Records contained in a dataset
- - - - - - -

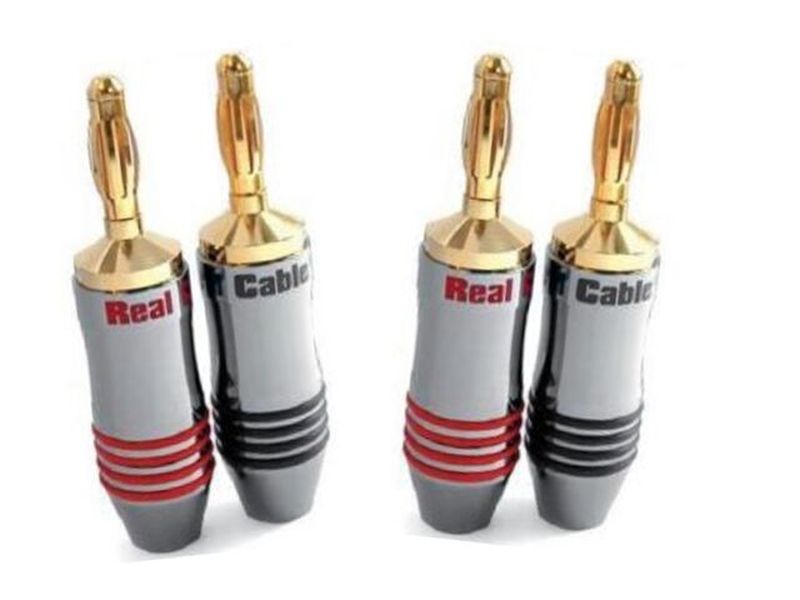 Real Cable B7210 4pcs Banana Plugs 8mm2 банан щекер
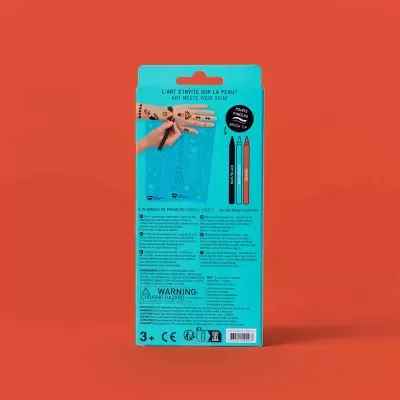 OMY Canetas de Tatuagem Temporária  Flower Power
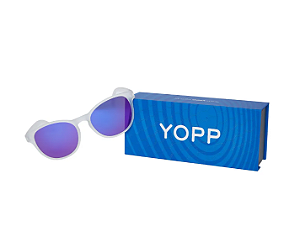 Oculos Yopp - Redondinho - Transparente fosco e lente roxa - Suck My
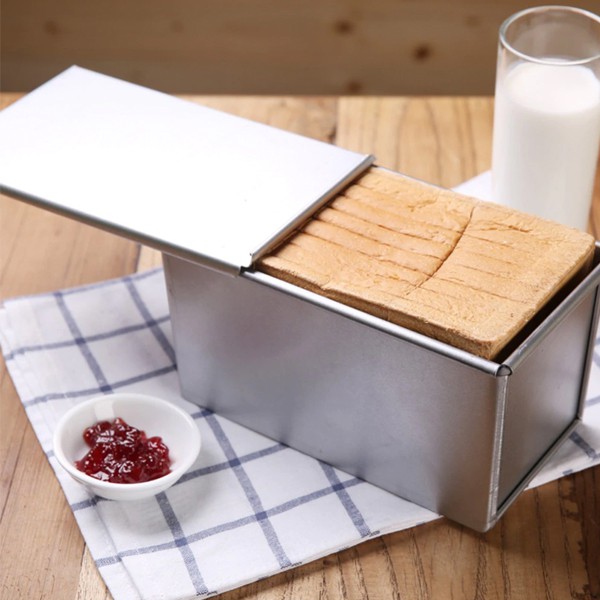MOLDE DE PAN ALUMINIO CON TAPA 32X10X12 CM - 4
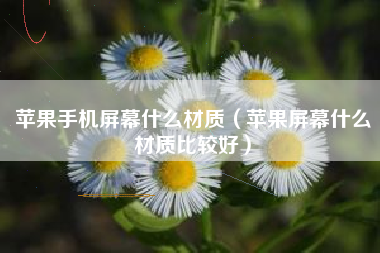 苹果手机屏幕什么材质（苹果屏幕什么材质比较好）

- - - - - - -

WHAT IS REQUIRED: Only the lines from the line that contains "OMY Canetas de" through the end of the entries are to be written out, exactly and without pictures, both ends included.

WRITTEN SOLUTION:
 OMY Canetas de Tatuagem Temporária  Flower Power
 Oculos Yopp - Redondinho - Transparente fosco e lente roxa - Suck My
MOLDE DE PAN ALUMINIO CON TAPA 32X10X12 CM - 4
 苹果手机屏幕什么材质（苹果屏幕什么材质比较好）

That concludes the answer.